ボランチへのこだわりは強かったが…
「正直、ボランチが自分の天職で花形だとずっと思っていたから、トップ下がこんなに楽しくなるとは思わなかった。たぶん、ルーキー1年目はトップ下で出ていたけど、そのときの良くないイメージがあったんだろうね。
これまでも試合の流れの中でトップ下をやることはあったけど、ボランチが仕事場だと思っていたから。今はトップ下だとボールが入って来るし、ゴール前で冷静にシュートも打てる。なんて美味しいポジションなんだと思ってる…この年にして蜜の味を知ったね(笑)」
キャリアを積み、年齢を重ねるにつれて、自分のポジションを“下げる”のはごく自然だが、30歳を過ぎてからボランチからトップ下にポジションを“上げる”選手も珍しいかもしれない。いずれにせよ、中村憲剛は、今、トップ下が天職だということだ。

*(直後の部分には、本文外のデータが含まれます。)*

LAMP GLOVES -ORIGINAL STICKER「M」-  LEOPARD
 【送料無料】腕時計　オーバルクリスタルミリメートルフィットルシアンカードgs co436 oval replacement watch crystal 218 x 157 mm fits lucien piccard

「(代表に)選ばれるかどうかは自分の力が及ばないところの話だから。でも自分の力が足りないわけではないと思っている。しっかりやっていけば、そのうち呼ばれるでしょう」
そう話した翌日、権田修一、森重真人、高橋秀人といった代表勢がそろうFC東京守備陣からゴールを記録。その好パフォーマンスぶりは相変わらずであった。
「自分ができるのはこれだと堂々とやっている」
ブラジルワールドカップまで残り1年。年齢的にこれがラストチャンスになるであろうことは本人もよくわかっている。それでも、中村憲剛は決して焦らない。